▶ **What is expected**
Omit every picture, then return the listing verbatim.
(Entries provided Opens)
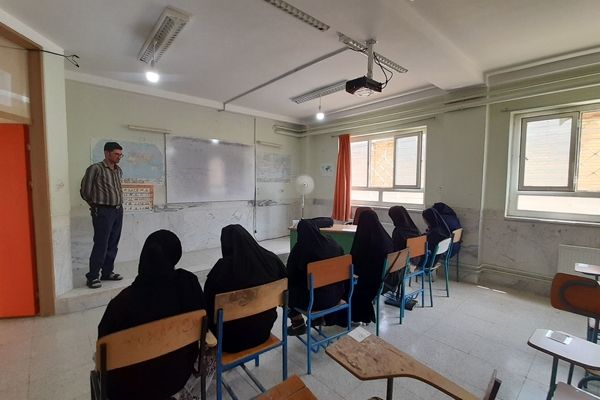 تابستانی پُر از عدد و انگیزه در مدرسه نمونه فروغ دانش اردل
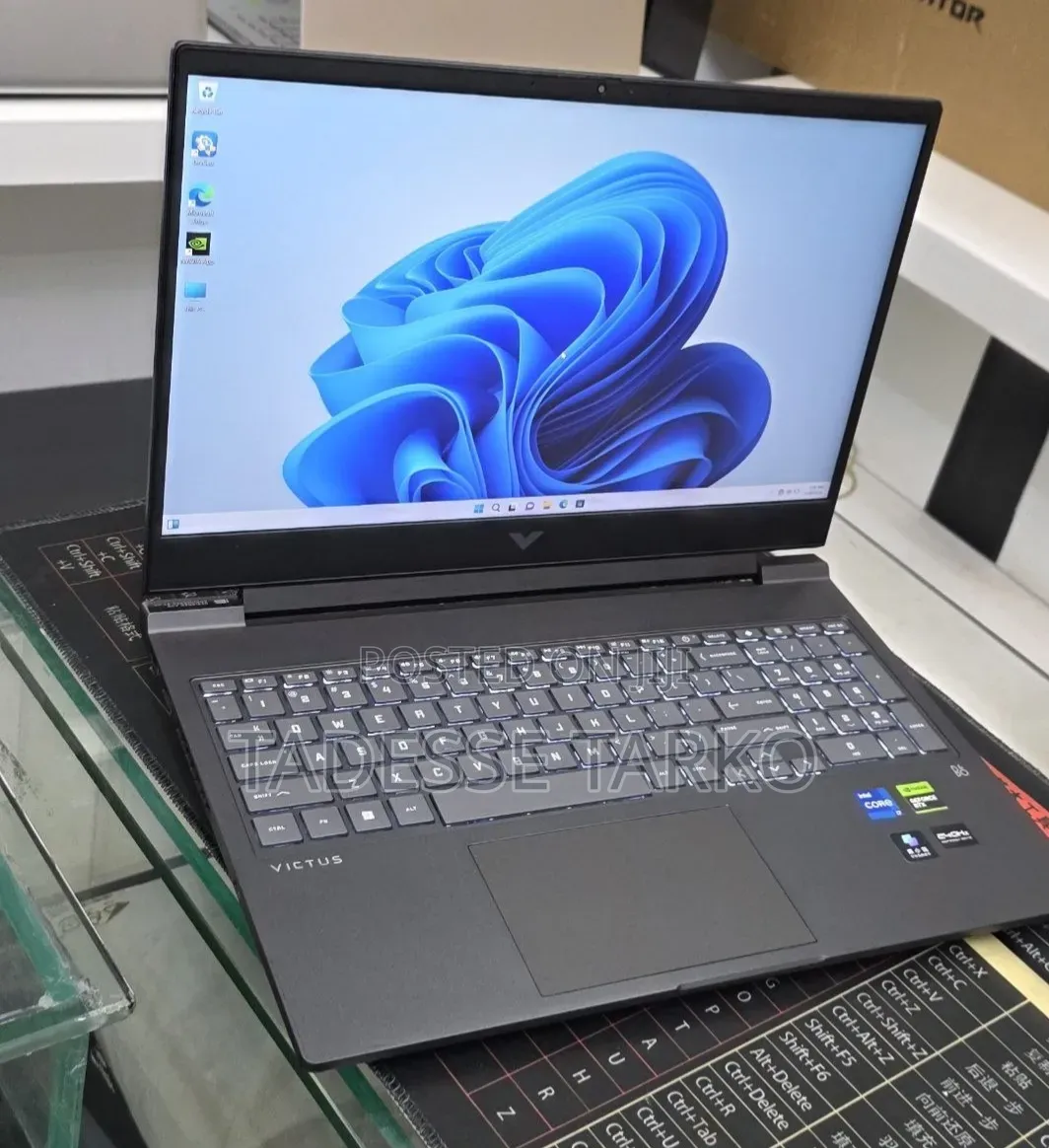 New Laptop HP Victus 16 16GB Intel Core i7 SSD 1T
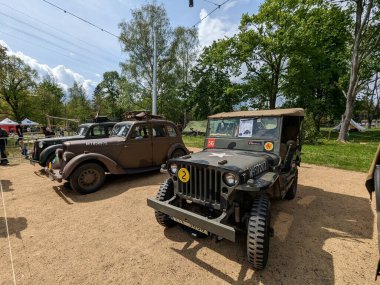 PILSEN, CZECH Cumhuriyet - 5 Mayıs 2023: Özgürlük Konvoyu. Özgürlük Festivali Plzen (Plze). Pilsen 'in Mayıs 1945' te Amerikan Ordusu tarafından kurtarılmasının kutlanması. 2. Dünya Savaşı 'ndan kalma makineler, tanklar ve zırhlı araçlar.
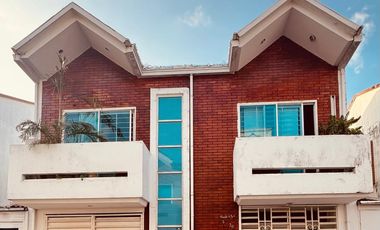 SE VENDE CASA UNIFAMILIAR BARRIO MONTECARLO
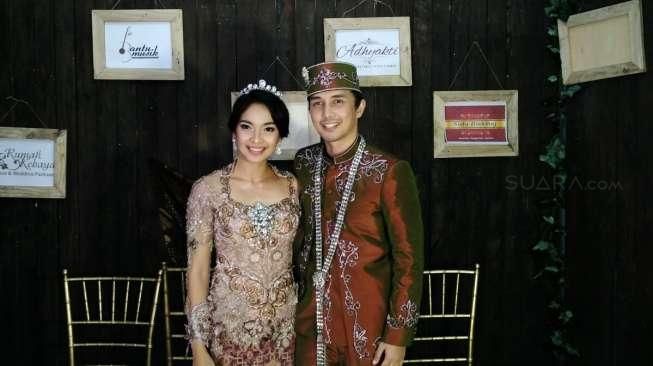 Menikahi Dimas Aditya, Tika Bravani Pakai Baju Almarhum Ibu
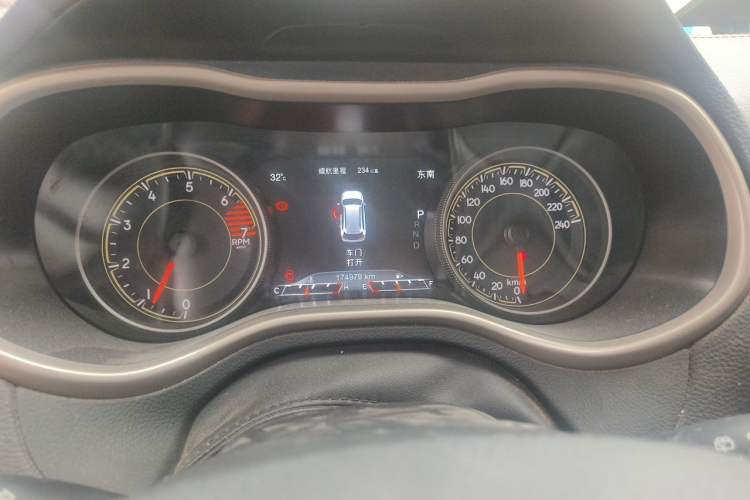 Used Jeep Cherokee 2016 2.0L Superior Edition Instrument Cluster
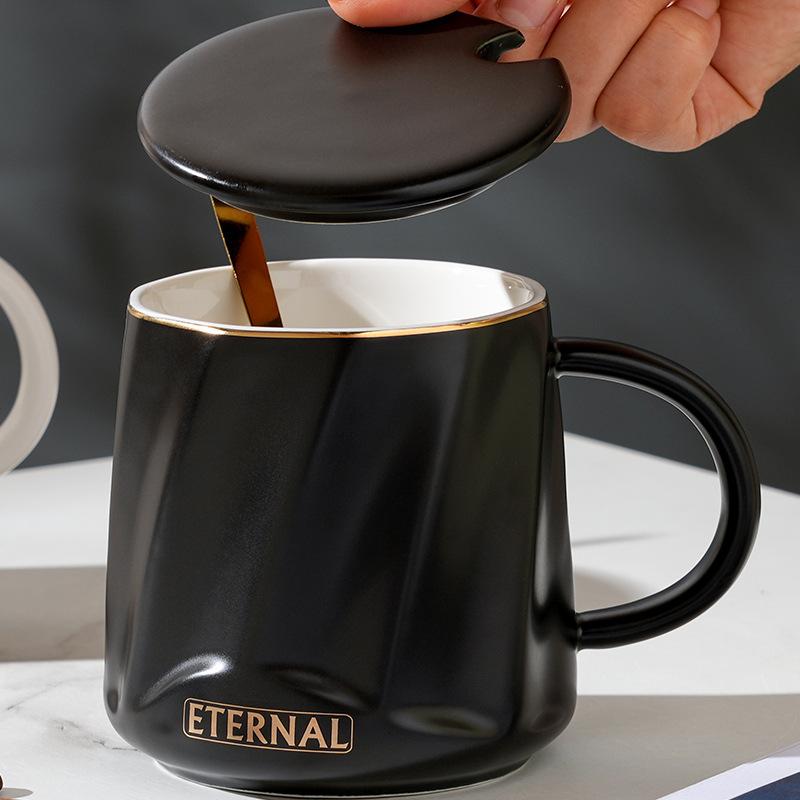 Personalized Ceramic Cup with Lid High Value Office Men and Women Drinking Water Mug Large Capacity Water Cup Souvenir Gift Cup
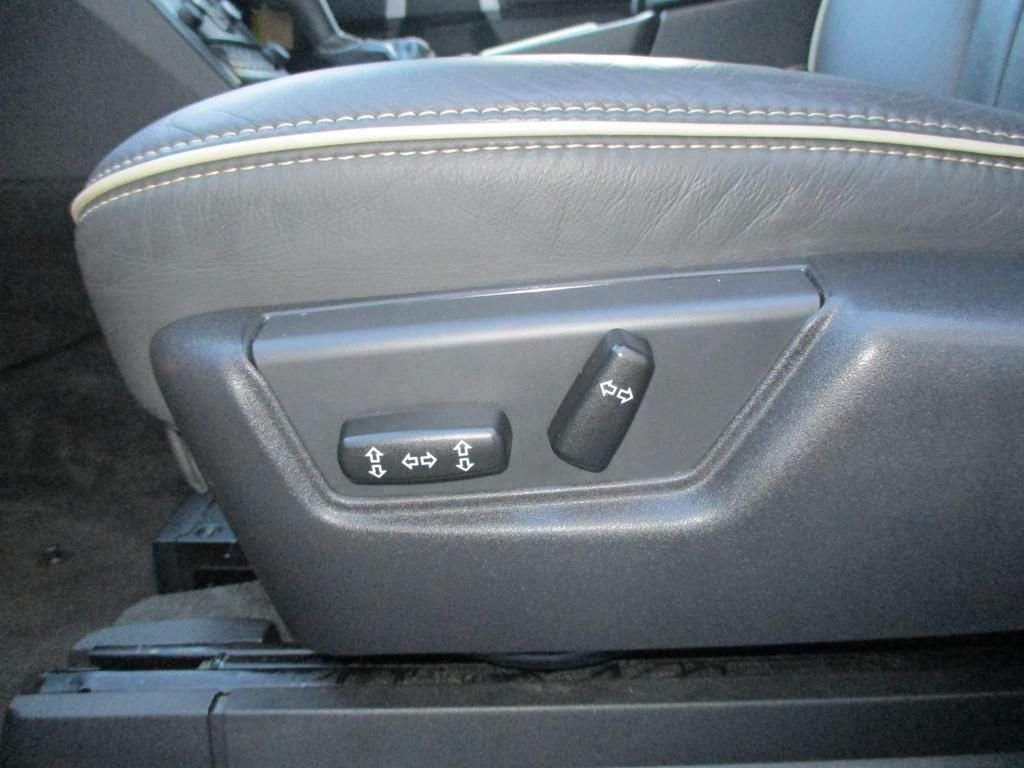 USED 2012 12 VOLVO XC90 2.4 D5 SE LUX AWD 5d 200 BHP ONLY 55000 MILES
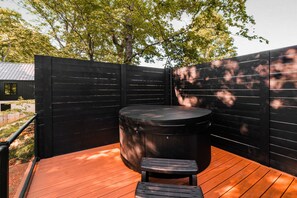 Outdoor spa tub - Birch at Arcadia Hills | Luxury Couples Cabin (New Plymouth)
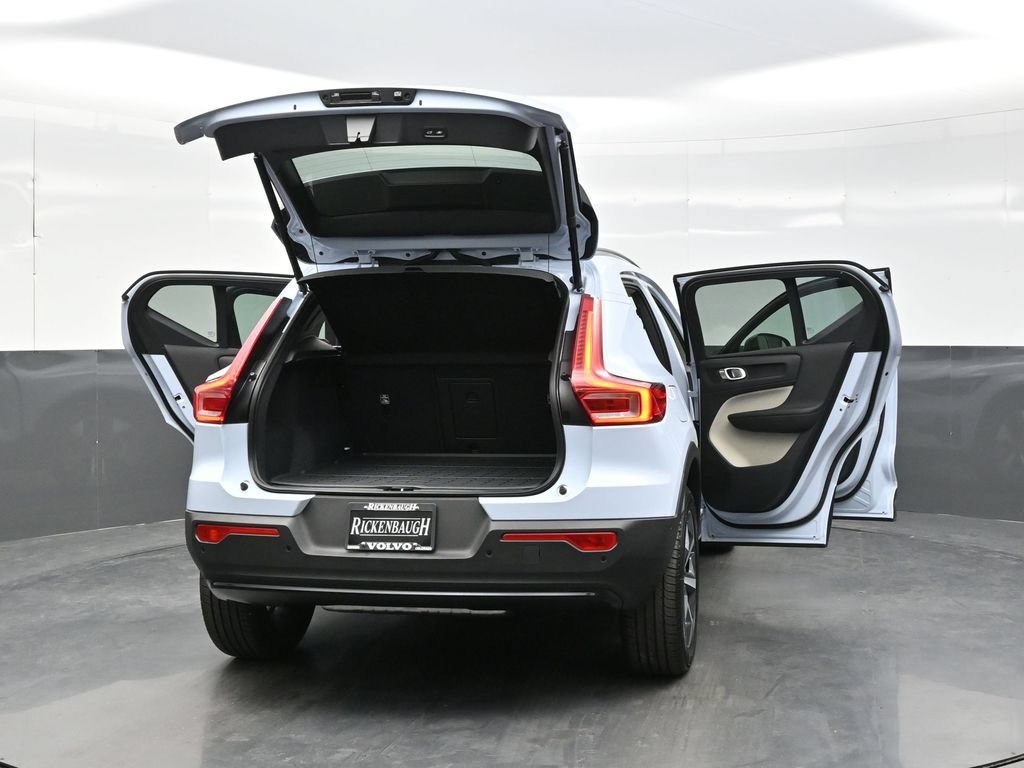 New 2026 Volvo XC40 B5 Plus w/ Protection Package Premier AWD/4WD image 43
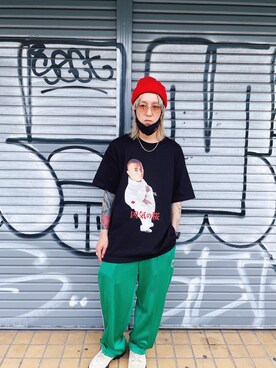 レッド系のアイテムを使った グリーンパンツ のメンズ人気ファッションコーディネート Wear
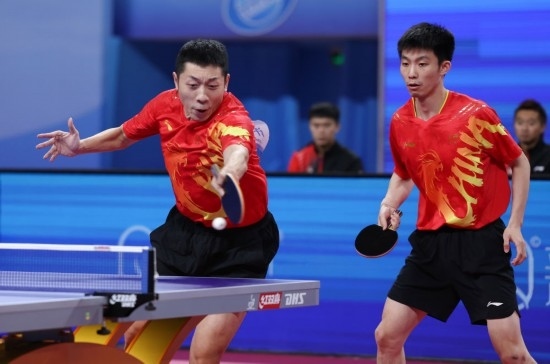 10月18日，上海隊(duì)組合許昕（左）/周愷在雙打比賽中。他們3:0戰(zhàn)勝福建隊(duì)組合曾蓓勛/陳俊菘。新華社記者 王楷焱 攝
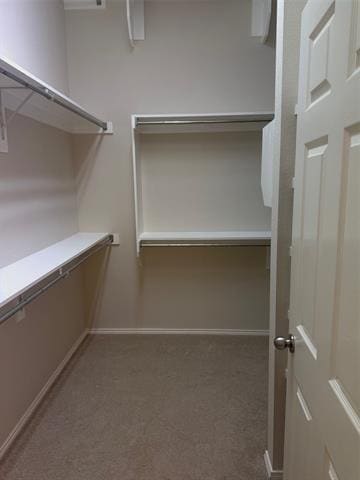 Building Photo - 2004 Golden Oak Dr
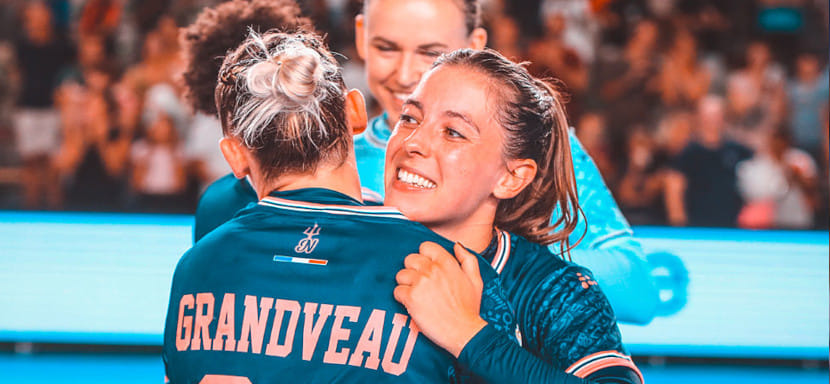 Франция. "Нант" с преимуществом в 26 мячей сокрушил в гостях "Тулон" и поднялся на первое место в женском чемпионате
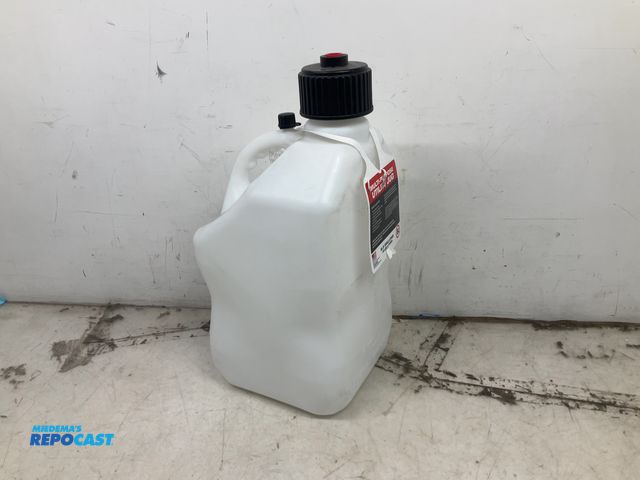 Lot 2-96367 - VP Racing 5.5 multipurpose jug, missing hose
(Entries provided Closes)
▶ **Exercise result**
 تابستانی پُر از عدد و انگیزه در مدرسه نمونه فروغ دانش اردل
 New Laptop HP Victus 16 16GB Intel Core i7 SSD 1T
 PILSEN, CZECH Cumhuriyet - 5 Mayıs 2023: Özgürlük Konvoyu. Özgürlük Festivali Plzen (Plze). Pilsen 'in Mayıs 1945' te Amerikan Ordusu tarafından kurtarılmasının kutlanması. 2. Dünya Savaşı 'ndan kalma makineler, tanklar ve zırhlı araçlar.
 SE VENDE CASA UNIFAMILIAR BARRIO MONTECARLO
 Menikahi Dimas Aditya, Tika Bravani Pakai Baju Almarhum Ibu
 Used Jeep Cherokee 2016 2.0L Superior Edition Instrument Cluster
 Personalized Ceramic Cup with Lid High Value Office Men and Women Drinking Water Mug Large Capacity Water Cup Souvenir Gift Cup
 USED 2012 12 VOLVO XC90 2.4 D5 SE LUX AWD 5d 200 BHP ONLY 55000 MILES
 Outdoor spa tub - Birch at Arcadia Hills | Luxury Couples Cabin (New Plymouth)
 New 2026 Volvo XC40 B5 Plus w/ Protection Package Premier AWD/4WD image 43
 レッド系のアイテムを使った グリーンパンツ のメンズ人気ファッションコーディネート Wear
 10月18日，上海隊(duì)組合許昕（左）/周愷在雙打比賽中。他們3:0戰(zhàn)勝福建隊(duì)組合曾蓓勛/陳俊菘。新華社記者 王楷焱 攝
 Building Photo - 2004 Golden Oak Dr
 Франция. "Нант" с преимуществом в 26 мячей сокрушил в гостях "Тулон" и поднялся на первое место в женском чемпионате
 Lot 2-96367 - VP Racing 5.5 multipurpose jug, missing hose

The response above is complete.